Bien en avance sur son temps, le Silence de sa Cité s'intéresse également à la question de genres dans une troisième partie qui voit Elisa mettre au monde une nouvelle génération capable de changer de sexe à volonté ou presque. La question de l'identité se tranche relativement rapidement et la conclusion est sans appel : homme ou femme, l'esprit reste le même, l'individu véritable ne change pas derrière les attributs sexuels secondaires. La plus intéressante piste explorée par cette partie, c'est ce que permet ce changement périodique de sexe et sur les répercussions qu'il a sur ceux qui resteront hommes par la suite. Pourrait-on mieux traiter les femmes en se mettant littéralement à leur place ? Malgré cette réflexion intéressante, cette troisième partie apparaît comme le ventre mou du roman qui patine sur les relations entre Elisa et ses enfants alors que l'Extérieur, un temps oublié, se montre vite bien plus passionnant. D'autant plus que la question centrale reviendra vite sur ce qui fait le sel du roman : le choix d'agir (ou pas).
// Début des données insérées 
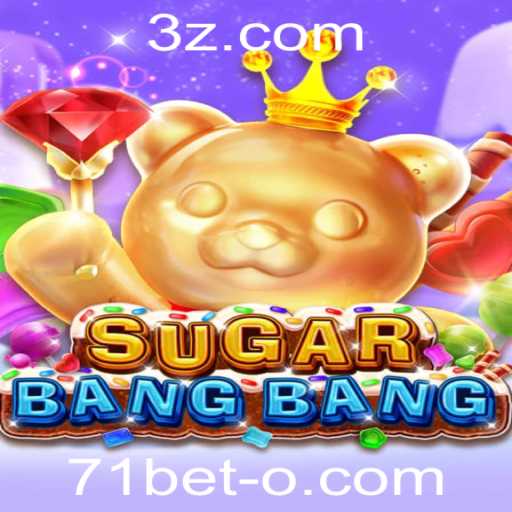 Descubra o Mundo Empolgante de SUGARBANGBANG: Um Jogo Inovador com 71bet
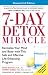 7-Day Detox Miracle: Revitalize Your Mind and Body with This Safe and Effective Life-Enhancing Progra m
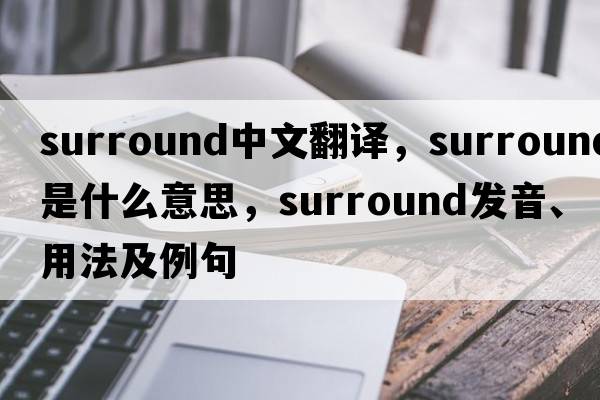 surround中文翻譯，surround是什么意思，surround發(fā)音、用法及例句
Qui remplacera les monstres d'hier ?
Dans la dernière ligne droite,
le Silence de la Cité retrouve le génie d'avant et montre l'évolution de la société après l'intervention d'Elisa. le retour de Judith et la lente montée en puissance des femmes permet à Élisabeth
Vonarburg de triturer un thème qu'elle aime particulièrement : est-ce parce que le pouvoir échoie entre les mains des femmes que la société va en devenir meilleure pour autant ? Guidée par les plus mauvaises raisons, revanche et haine, Judith veut renverser la vapeur. Pourtant comme croire que réduire les hommes en esclavage et tuer tous les autres permettra de donner naissance à une société enfin juste et égalitaire ? En sous-main, c'est la question de la méthode et des courants de pensées féministes qui se posent. La violence va-t-elle résoudre tous les problèmes entre hommes et femmes ? Est-elle absolument nécessaire ? Et si elle l'est, inverser les rôles ne sera-t-il pas simplement le nouveau germe d'une future révolte ?
Comme pour
Chroniques du Pays des Mères, Élisabeth
Vonarburg navigue entre la rage qui saisit le lecteur lorsqu'il s'aperçoit du sort réservé aux femmes et la réflexion posée de ce qu'il sortira de la destitution des tyrans d'hier…pour des tyrans de demain qui n'auront rien à leur envier.
Nuancé, intelligent et émouvant,
le Silence de la Cité finit par là où il a commencé et repose la question du libre-arbitre, du choix de laisser le passé dans l'oubli et d'aller de l'avant pour une société plus juste où l'on étoufferait la rancoeur pour regarder l'avenir. Mais le destin nous en laisse-t-il l'occasion ou sommes-nous tous manipulés dans l'ombre par une volonté supérieure et inhumaine ? Seul le futur nous le dira.
Roman-prophète et héroïne déjà sublime,
le Silence de la Cité préfigure déjà ce que sera le chef d'oeuvre d'Élisabeth
Vonarburg bien des années plus tard. Récit à la fois douloureux et plein d'espoir, l'oeuvre de la québécoise s'interroge sur nos choix et notre capacité à défier l'injustice pour s'en libérer définitivement. Un livre forcément toujours d'actualité que l'on conseillera à tous les lecteurs qui désirent repenser le monde.